*WHAT IS EXPECTED*. Restate, word for word, each entry that follows, but skip its pictures.

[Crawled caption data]

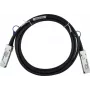 BLUELAN cavo Direct Attach compatibile NVIDIA 980-9I626-00C00A, 100GBASE-CR4, Ethernet, 30AWG, 0,5 metri (980-9I626-00C00A-BL)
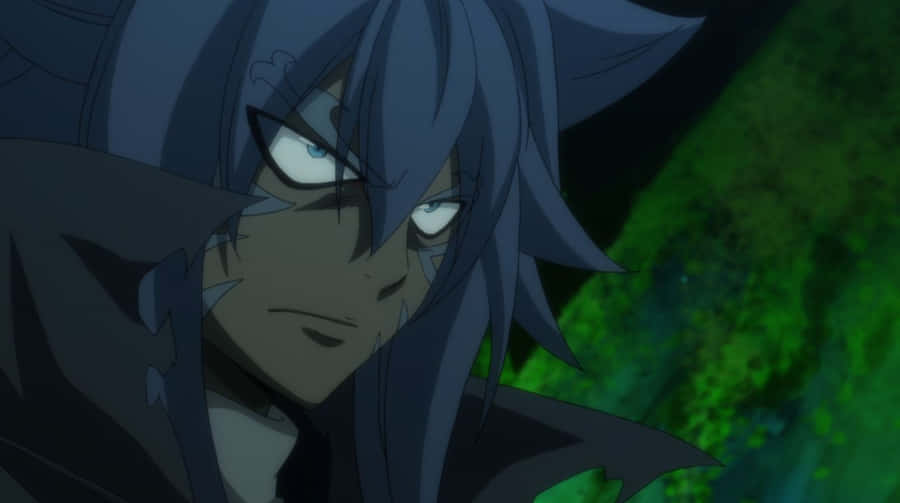 Acnologia, The Dragon Of Apocalypse In A Powerful Display Wallpaper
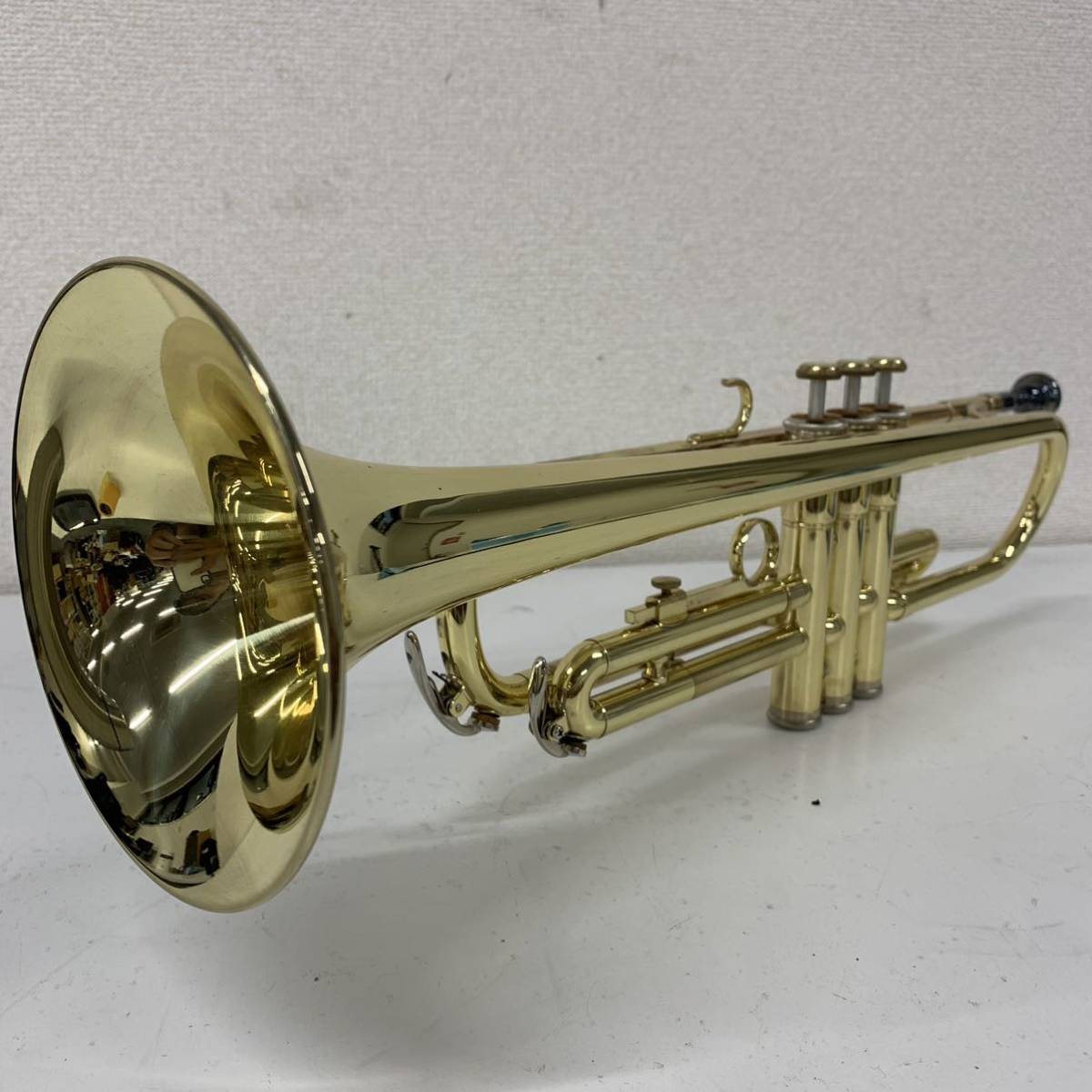 トランペット YTR-236 YAMAHA ヤマハ マウスピース Nikkan ケース 付き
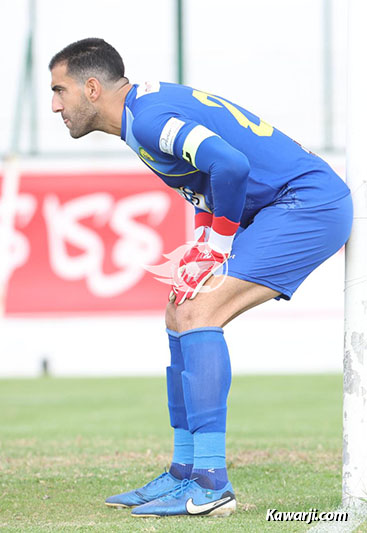 L1 25/26 J10 : AS Marsa-ES Métlaoui 0-1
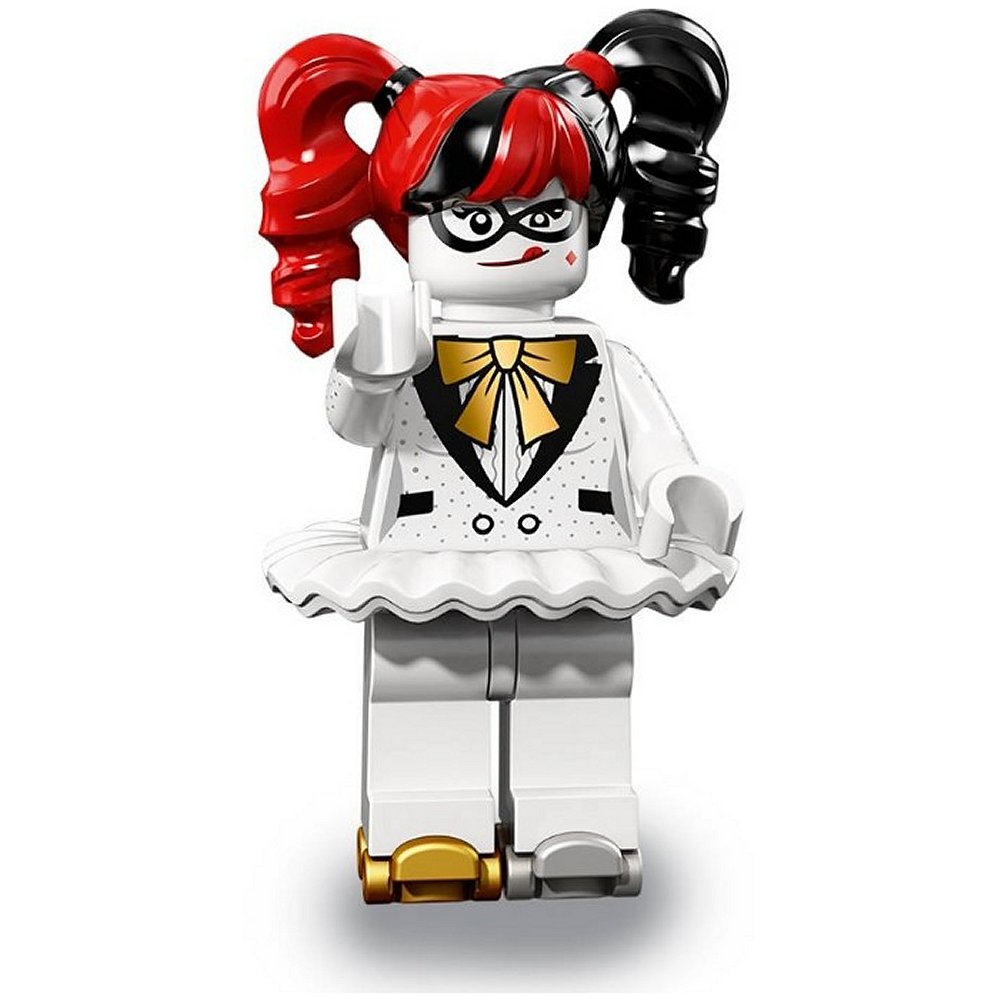 LEGO The LEGO Batman Movie Series 2 Disco Harley Quinn (71020-1)
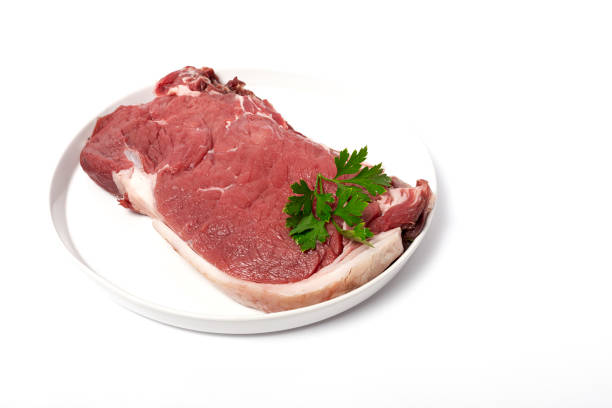 istock Raw beef steak for grill, BBQ or cooking 1181448364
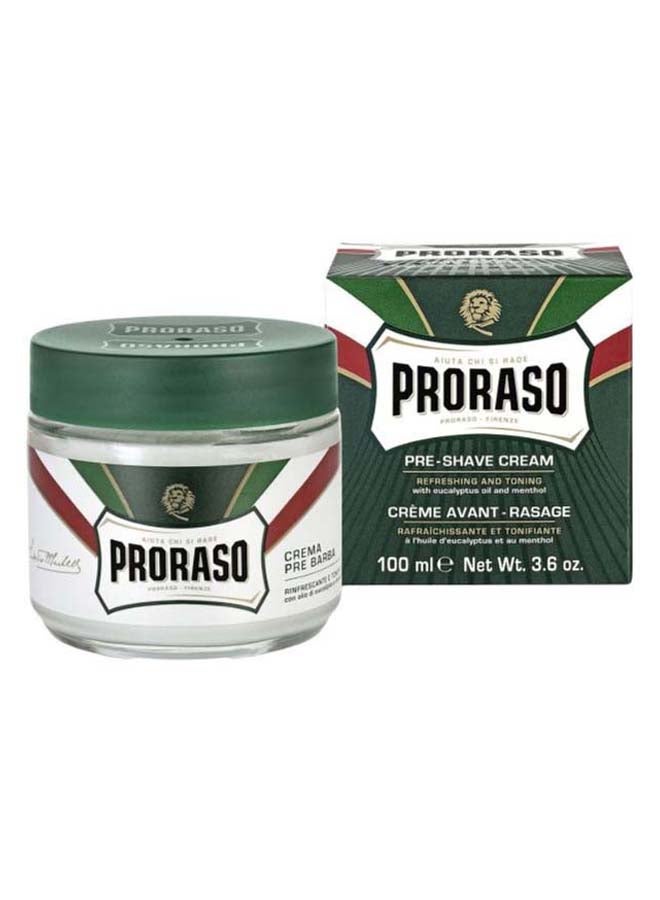 Pre Shave Cream 100ml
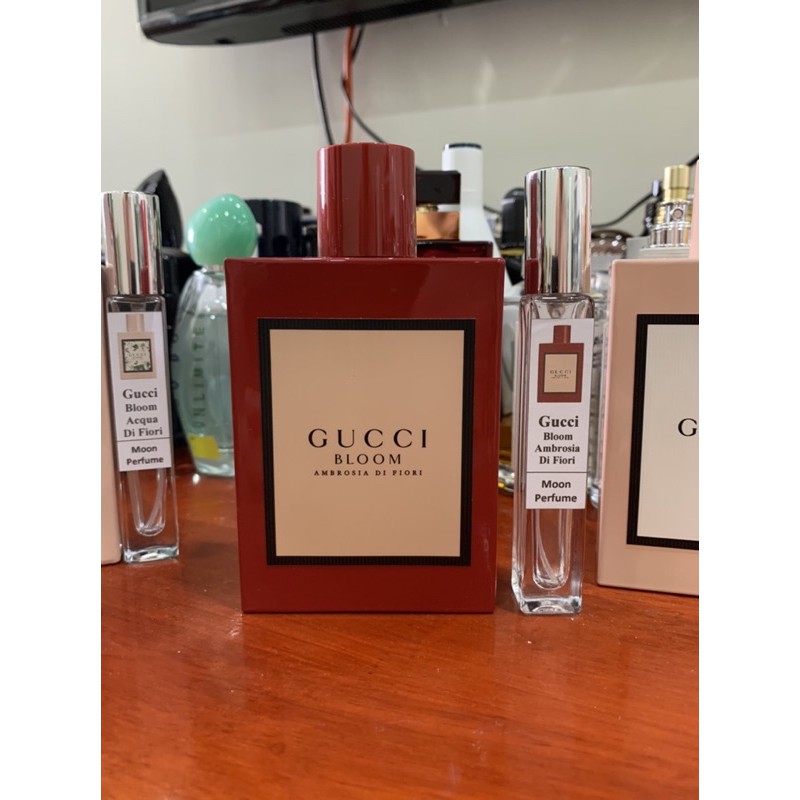 [Mẫu Thử] Nước hoa Nữ Gucci-Gucci Bloom tổng hợp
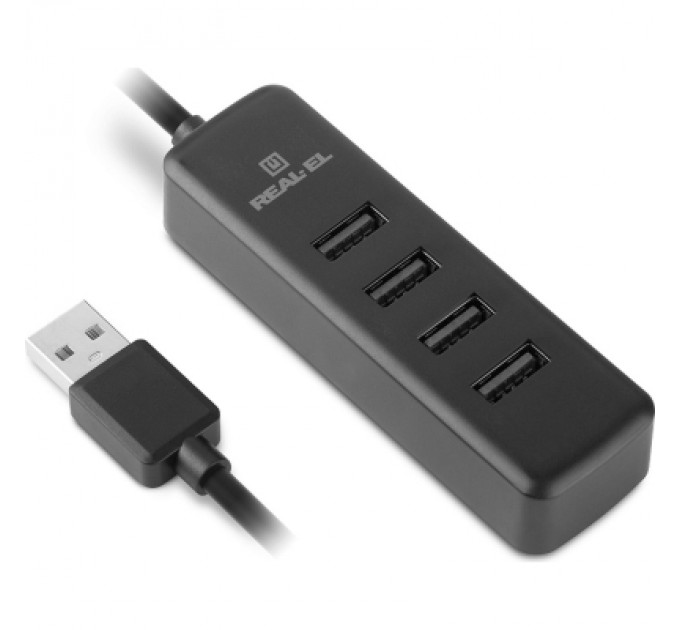 REAL-EL Концентратор REAL-EL HQ-175 black (EL123110008)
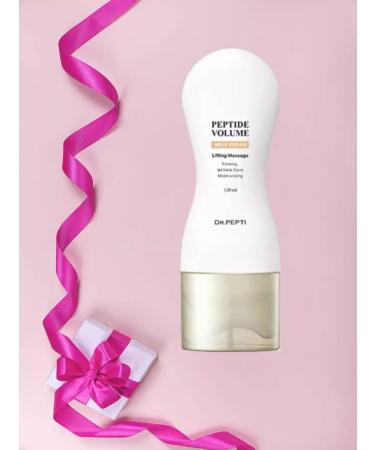 Dr Pepti Anti -aging neck with an applicator 120 ml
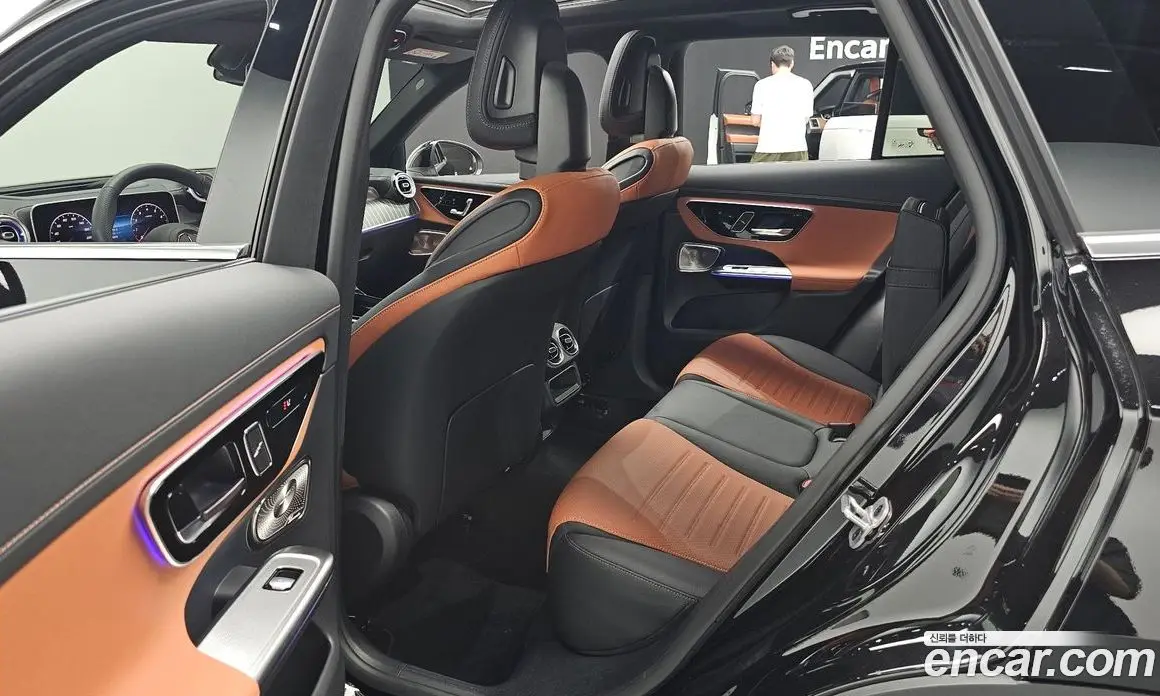Mercedes-Benz GLC-Class 2025 2.0 гидро, фото 18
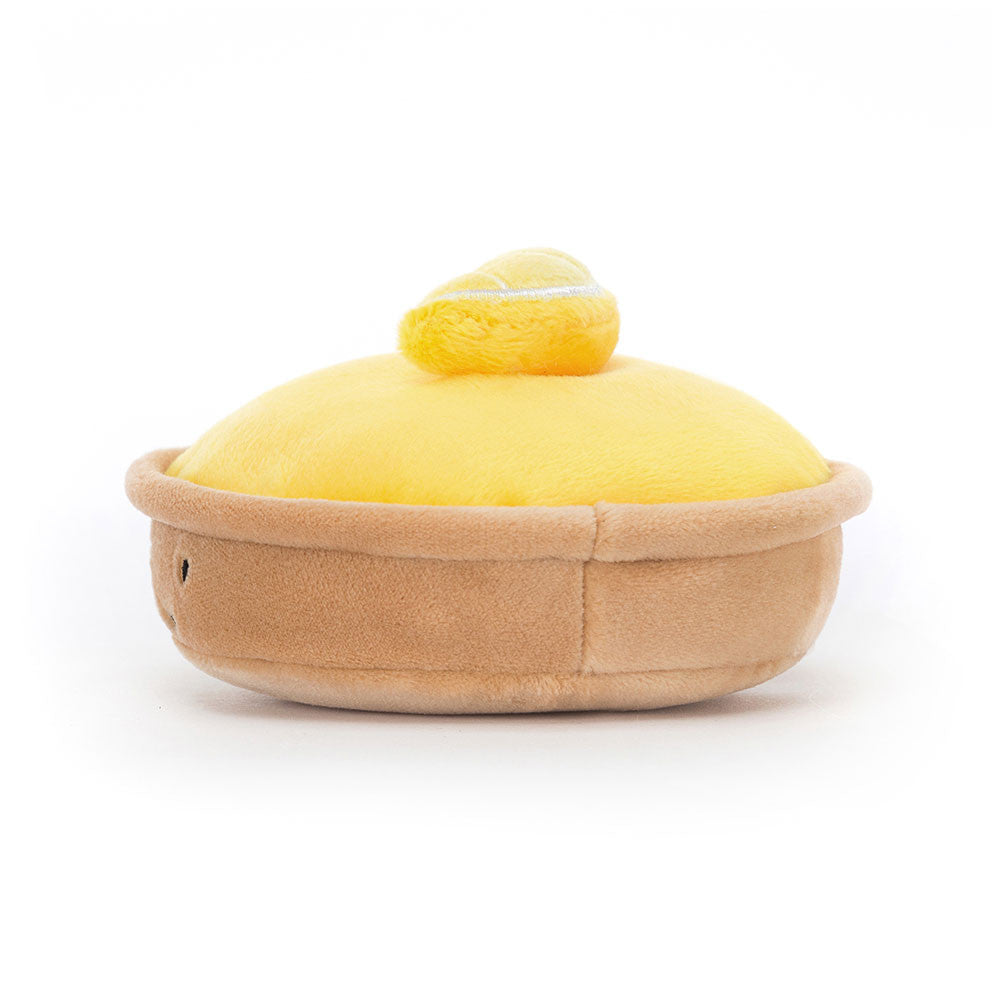 Pretty Patisserie Tarte Au Citron - Soft Novelty Toy | Wobblepaws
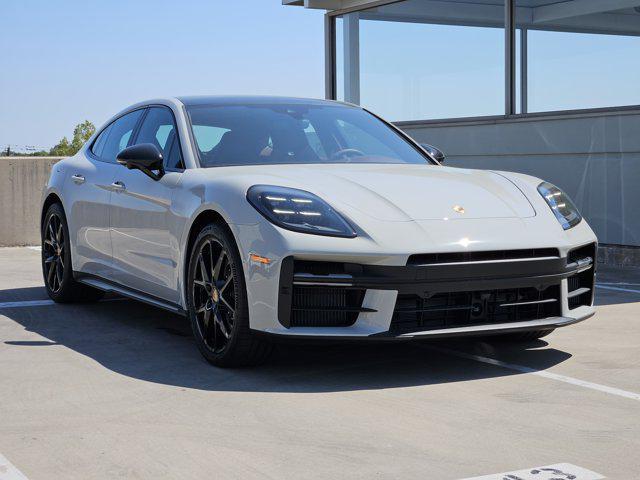 new 2025 Porsche Panamera car, priced at $154,885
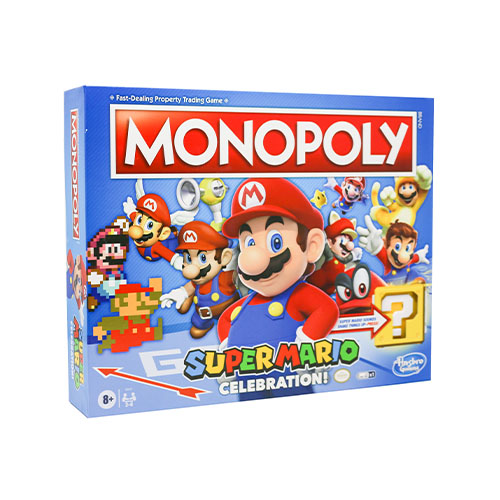 Monopoly Super Mario Celebration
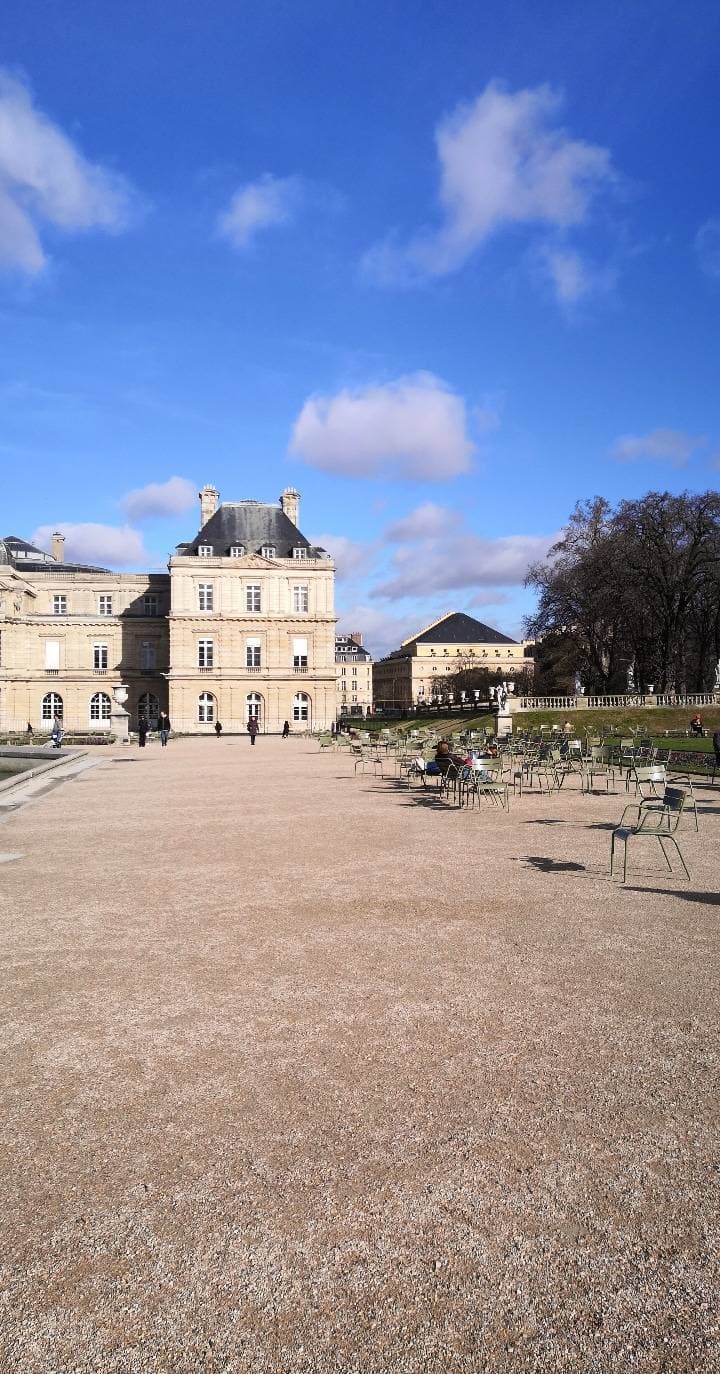 Place Jardines de Luxemburgo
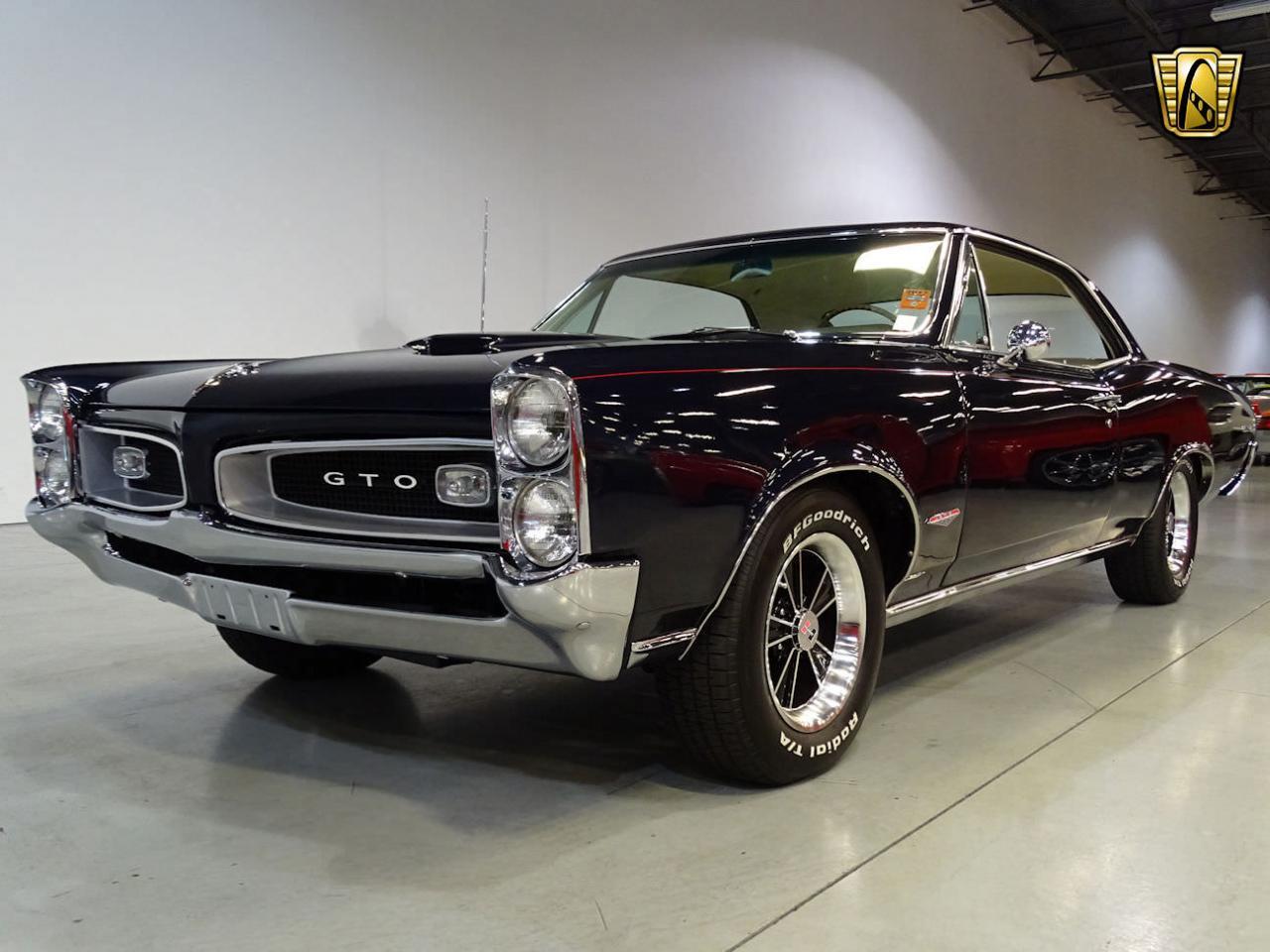 1966 Pontiac GTO for Sale | ClassicCars.com | CC-989831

*EXPECTED OUTPUT*.
 BLUELAN cavo Direct Attach compatibile NVIDIA 980-9I626-00C00A, 100GBASE-CR4, Ethernet, 30AWG, 0,5 metri (980-9I626-00C00A-BL)
 Acnologia, The Dragon Of Apocalypse In A Powerful Display Wallpaper
 トランペット YTR-236 YAMAHA ヤマハ マウスピース Nikkan ケース 付き
 L1 25/26 J10 : AS Marsa-ES Métlaoui 0-1
 LEGO The LEGO Batman Movie Series 2 Disco Harley Quinn (71020-1)
 istock Raw beef steak for grill, BBQ or cooking 1181448364
 Pre Shave Cream 100ml
 [Mẫu Thử] Nước hoa Nữ Gucci-Gucci Bloom tổng hợp
 REAL-EL Концентратор REAL-EL HQ-175 black (EL123110008)
 Dr Pepti Anti -aging neck with an applicator 120 ml
Mercedes-Benz GLC-Class 2025 2.0 гидро, фото 18
 Pretty Patisserie Tarte Au Citron - Soft Novelty Toy | Wobblepaws
 new 2025 Porsche Panamera car, priced at $154,885
 Monopoly Super Mario Celebration
 Place Jardines de Luxemburgo
 1966 Pontiac GTO for Sale | ClassicCars.com | CC-989831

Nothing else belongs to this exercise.